The original GoPro Karma retailed for $799-$1,099 for the original model. Based on upgrades and competitor pricing, cost may change for the updated version.
A prototype van that could serve as a drone landing platform and docking station.

Luxury car maker Mercedes-Benz showcased plans for an automated vehicle called Vision Van. This van will apparently help serve as a landing platform and docking station for delivery drones.

According to Trucks.com, “The van uses an LED display on its Black Panel radiator grille and rear to communicate with other drivers, notifying them when it is stopping, turning, or releasing drones.” It can also receive information on road conditions and drone details from the dashboard.

But don’t get too excited. You probably won’t see drones zooming off of the Vision Van anytime soon. 😢


The carbon fiber Draco (cue all the Draco Malfoy puns) by UVify is a high-performance racing drone with a modular design that makes it easy to modify and repair.

TechCrunch was lucky enough to get a peek at Draco before the many attendees at CES, reporting that Draco can hit up to 100 mph — talk about fast. TechCrunch also said that the drone performed “sweeping 360 barrel rolls and impressive quick drops/recoveries.”

Draco is available for pre-order for $499 (JSYK, shipping is $50).
The new commercial H520 drone from Yuneec.

Yuneec announced Jan. 5 a new commercial drone called the H520, which uses the same six-rotor airframe seen on the Typhoon H and Typhoon H with RealSense.
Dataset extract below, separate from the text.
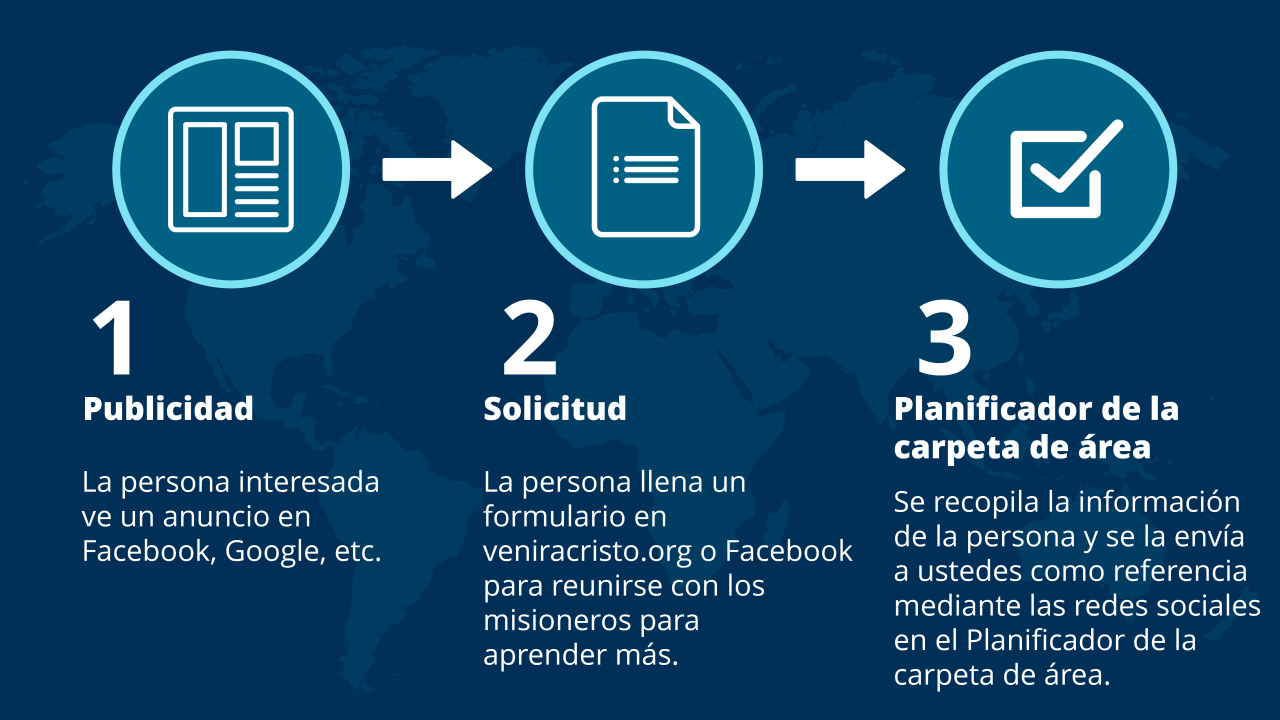 Tres pasos que demuestran cómo llenar una solicitud para los misioneros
Apparently, the orange H520 boasts longer flight time, greater payload capacity, and more enhanced components than its other six-rotor siblings. We’ve reached out to Yuneec for more specifics on the differences and will update when we hear back.

The H520 is equipped with Intel RealSense Technology for obstacle avoidance and is designed for law enforcement, search-and-rescue, broadcast, cinema, and vertical inspection (like cell towers or windmills). The company will offer three camera options, each geared toward different markets.
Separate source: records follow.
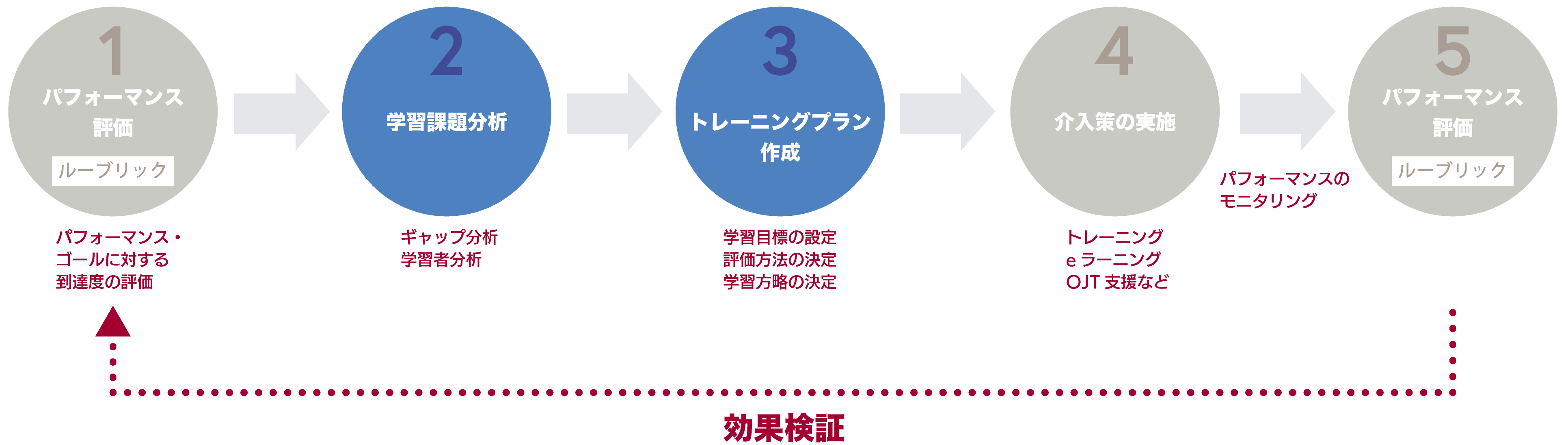 製薬会社様向け 学習課題分析 設計 リープ株式会社 教育に戦略を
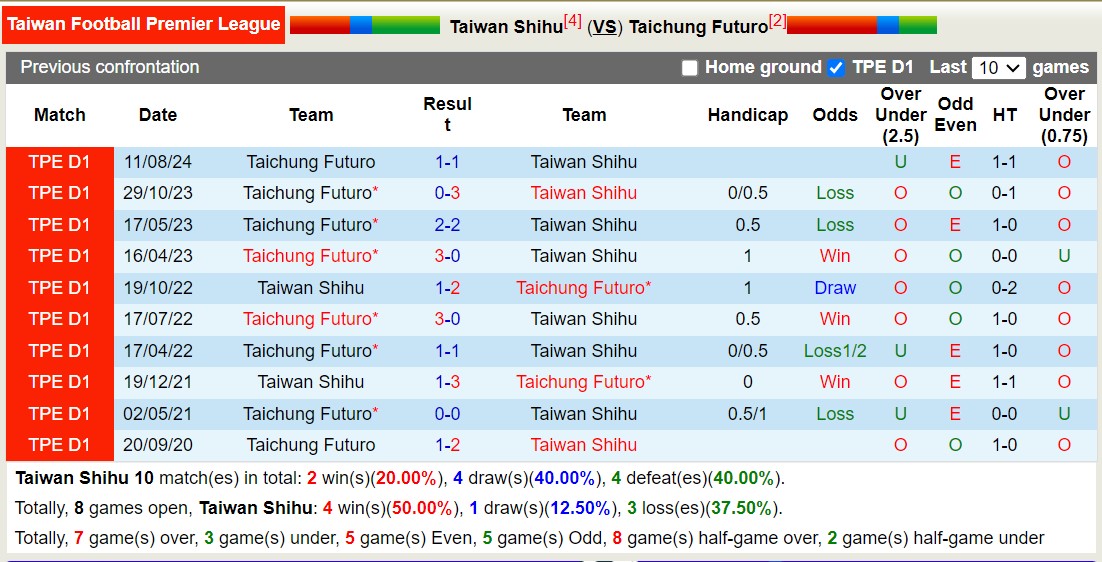 Nhận định, soi kèo Taiwan Shihu vs Taichung Futuro, 14h30 ngày 1/9: Tiếp tục bất bại - Ảnh 3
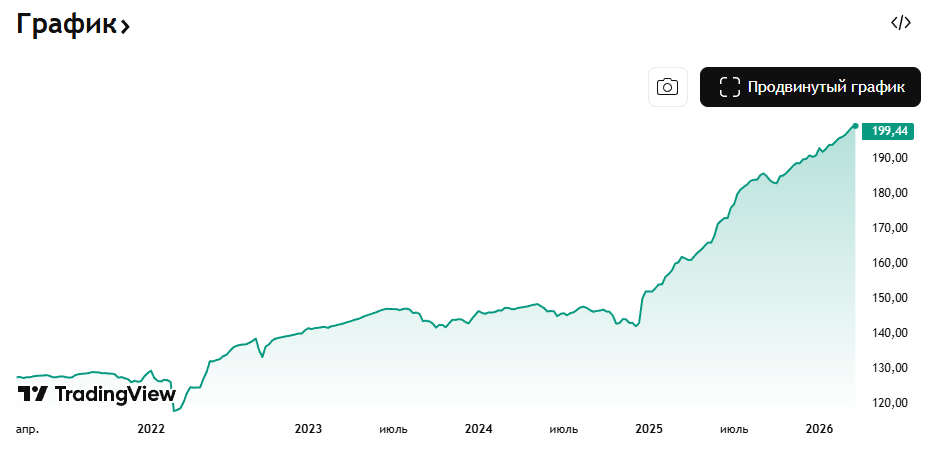 школа финансов галины набоковой отзывы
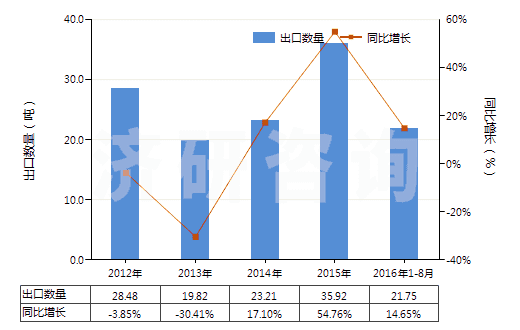 2012-2016年8月中國其他氣態(tài)石油氣及烴類氣(HS27112900)出口量及增速統(tǒng)計(jì)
“With its suite of advanced features, the H520 is dependable, reliable, and capable of fulfilling virtually any commercial need,” Yu Tian, group CIO and CEO of Yuneec Technology Co., Ltd., said in a press release. “Pilots can fly with confidence knowing they have an array of camera options for a variety of situations and industry-leading safety features including intelligent obstacle navigation with Intel RealSense Technology.” The H520 will be available later in 2017 and prices will range from $2,499 to $4,499. The company will also launch a software developer kit for the H520 later this year.
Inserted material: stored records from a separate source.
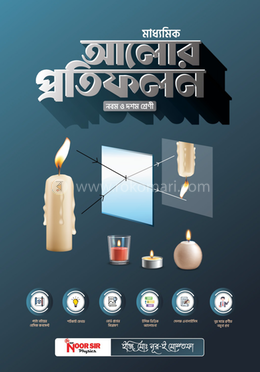 মাধ্যমিক আলোর প্রতিফলন - নবম ও দশম শ্রেণী image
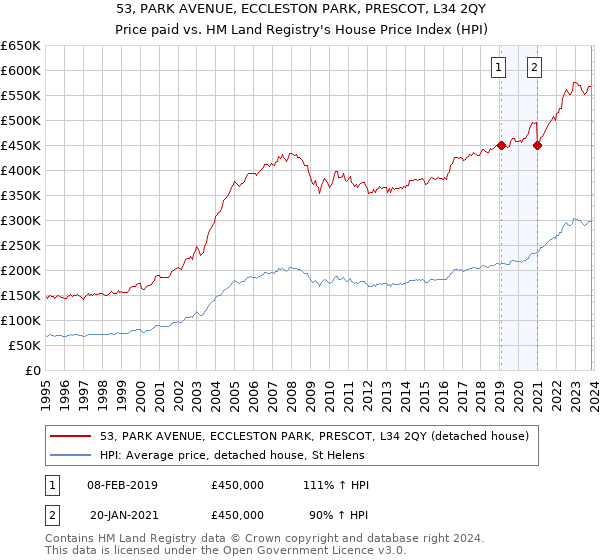 53, PARK AVENUE, ECCLESTON PARK, PRESCOT, L34 2QY: Price paid vs HM Land Registry's House Price Index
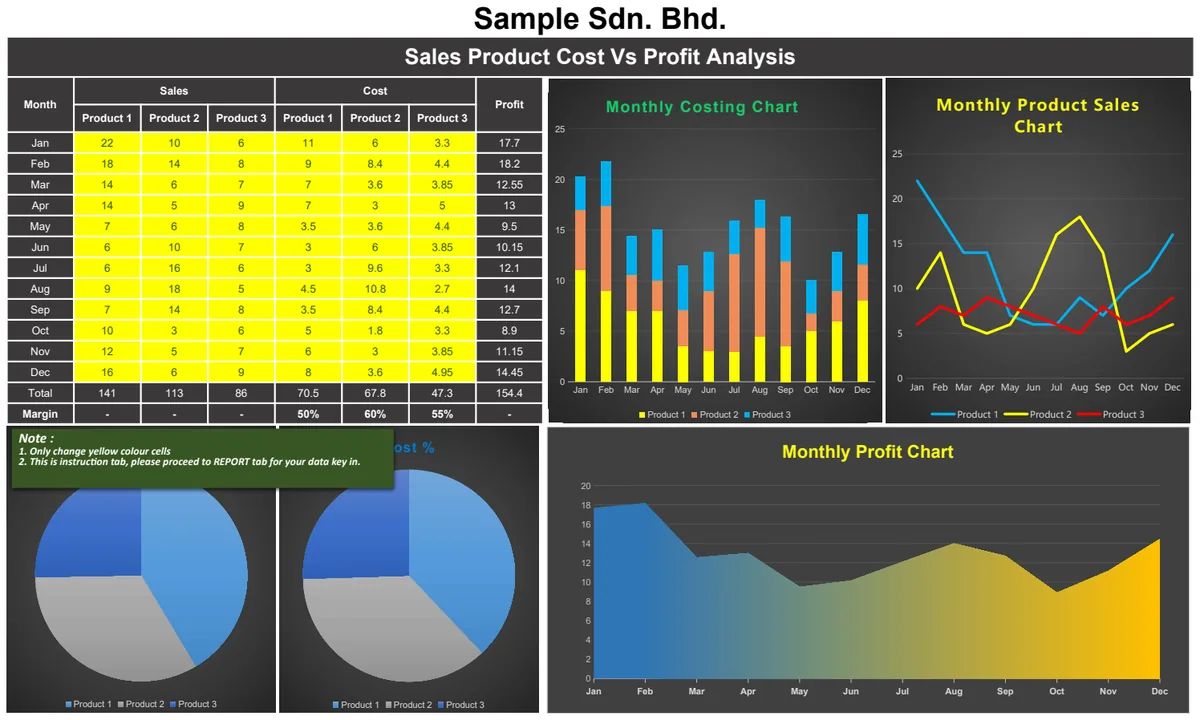 Sales Product Cost vs Profit Analysis preview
News from the world’s largest consumer drone manufacturer shouldn’t come as a big surprise. There are no brand new drones for the UAS community to lose its collective mind over, but there’s an abundance of other DJI goodies. Here’s a quick rundown:
Phantom 4 Chinese New Year Edition

DJI is offering a colorful rendition of its typically white, sleek Phantom 4. The Phantom 4 Chinese New Year Edition dons a phoenix and Earth’s four basic elements (air, fire, water, and earth) created by illustrator and designer Martin Sati.  This special edition Phantom 4 costs $1,199 and will begin shipping on Jan. 23. Get it here.
Ground Station Pro

This free iPad app is designed for professional drone operators. Compatible with most DJI drones and Zenmuse cameras, this app allows pilots to plan and control autonomous flights. The 3D Map Area function generates flight paths after receiving flight zone and camera parameters.  All image data captured during these flights can be input into 3D reconstruction software to create 3D maps. The Ground Station Pro app is available in the App store for free and only for iPad.
CrystalSky Monitor

What DJI describes as an “ultra-bright screen that is clearly visible in sunlight,” the CrystalSky Monitor is apparently four times as bright as most mobile devices ― something any drone pilot would celebrate on those bright, sunny days. Using the DJI GO app, the CrystsalSky Monitor uses optimized video decoding to provide real-time video with minimal latency. CrystalSky can operate in temperatures as low a -4⁰F and as high as 104⁰F, and will come in 7.85 inch and 5.5 inch screens. DJI will release pricing and availability in the future. Learn more here.

Oh, and DJI also announced that it acquired a majority stake in camera company Hasselblad. No big deal.